Delivering high standards of indoor air quality is an imperative in good building services design. Building regulations demand it, the building fabric requires it and numerous studies prove how end-users benefit from an indoor environment that boosts comfort, alertness and productivity. In the current economic and environmental climate, cutting running costs and reducing carbon also remain key priorities for building occupiers.
One area of intense activity in our sector clearly demonstrates the importance of these issues and the contribution that new ventilation technology can make in satisfying each and every one.
I’m talking about the Building Schools for the Future (BSF) programme. Set out by the Government in 2005, the BSF is a £9.3 billion Government initiative that will enable local authorities to maintain and improve all secondary school buildings in England. Already, 50 BSF schools have opened, with over 3,500 secondary schools engaged in the programme, between design and delivery.
This investment programme is underpinned by Building Bulletin 101 which provides the regulatory framework in support of the Building Regulations for the adequate provision of ventilation. It deals with the design of school buildings to meet the ventilation requirements of both The School Premises Regulations and the Building Regulations Part F (Ventilation).
With this focus on improvement and renovation to create a healthy learning environment, the local partnership teams created to manage and deliver the BSF programme have a responsibility to identify and prevent indoor air quality problems, and improve it where they can by removing moisture, CO2 and external fumes. In fact, Building Bulletin 101 specifies limiting CO2 levels within teaching and learning spaces to 1500 parts per million. However, fresh air supply rates per person in schools are often so low that CO2 levels are well above this recommended level, leading to adverse health effects and also impacting on the learning performance of pupils.
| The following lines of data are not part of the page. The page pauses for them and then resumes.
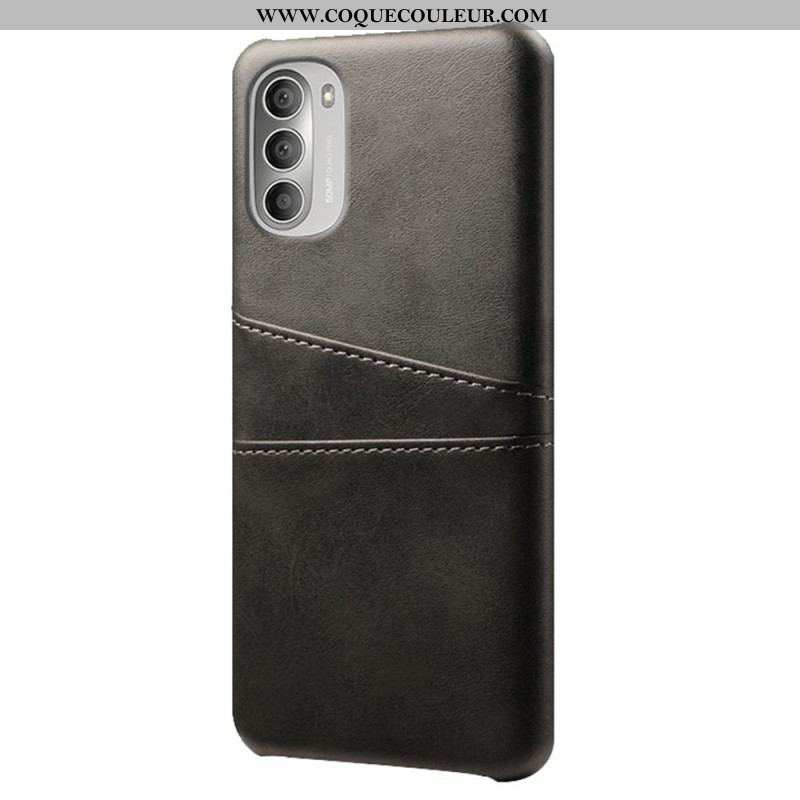 Coque Moto G51 5G Porte Cartes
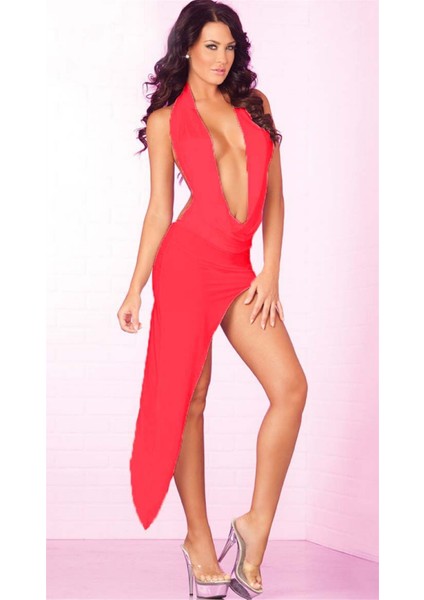 Beruflic B101132 Arkası Uzun Dökümlü Elbise modelleri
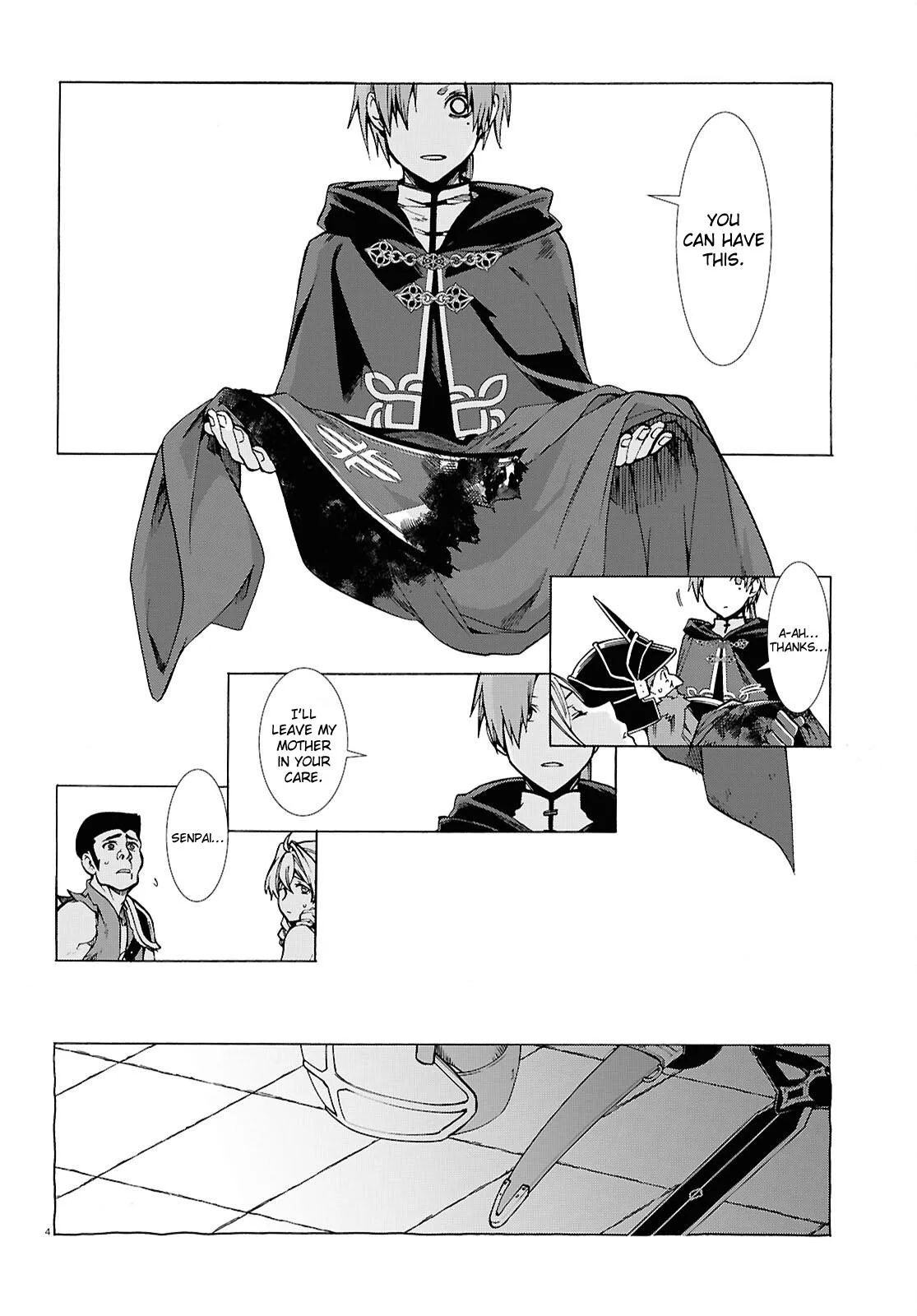 Mushoku Tensei: Jobless Reincarnation - Chapter 111 - Page 4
Increasing fresh air ventilation to prescribed levels is the solution. However, with the Energy Performance in Buildings Directive (EPBD) in mind, partnership teams must be sure that they opt for the most energy efficient solution possible. Here the answer is, unequivocally, on-demand ventilation, which is purpose-designed for this type of variable occupancy application. Now, Vent-Axia is taking on-demand ventilation one step further by incorporating high efficiency, energy recovery technology in the new Sentinel Totus D-ERV system.
Sentinel Totus is the UK’s first and only D-ERV system to be independently rated and tested to EN308. It not only recovers 90% of the energy that would otherwise be wasted but, in doing so, also takes out the need for the after heaters which are commonly required in lower efficiency ventilation systems.
The system responds to the exact ventilation requirements of a room at any one time providing the right level of supply and extract airflow only when required. At the same time, maximum energy is recovered from the extracted air (both heating and cooling) and transferred into the fresh supply air via the unit’s integral, high efficiency, counter-flow plate heat exchanger.
A range of sensors, such as CO2, PIR occupancy detection, humidity or temperature, are employed to determine the occupancy of the rooms, and manage the system’s ventilation rates accordingly. They communicate with the main Sentinel Totus unit which, in turn, drives the fan to the required speed to deliver the airflow and respond precisely to room conditions. Sensors can be combined to generate a hierarchy of control for the ventilation system with operation capable of linking in to a Building Management System for full control and monitoring, if required. A constant pressure unit option is also available, controlling centrally, based on individual room controlled dampers.
Automatic air-conditioning and heating interlocks enable the system to optimise energy recovery performance. And an automatic summer by-pass offers free cooling when conditions prevail, also helping to reduce the use of cooling refrigerants. A night-time purge facility reduces the start up loads for any air-conditioning plant and helps reduce over heating in summer from non air-conditioned spaces. Meeting the requirements of Building Regulations Part L2A and L2B, Sentinel Totus achieves a specific fan power at 25% of design flow rate, no greater than that achieved at 100% design flow rate.
In short, on-demand energy recovery ventilation is the answer to key questions such as ‘Why ventilate a room you’re not using?’ or ‘Why over ventilate a room with only one or two occupants inside?’ overcoming many of the issues encountered with a traditional fixed volume ventilation system. Required airflow rates can be comfortably achieved in classrooms, lecture theatres or other areas in other building types with changing occupancy patterns, bringing added value in terms of quantifiable air quality, health and productivity benefits.
Specifying Sentinel Totus D-ERV will also help public sector and commercial end-users ensure that their buildings meet EU demands to the 20% cut in energy consumption by 2010 targeted by the EPBD.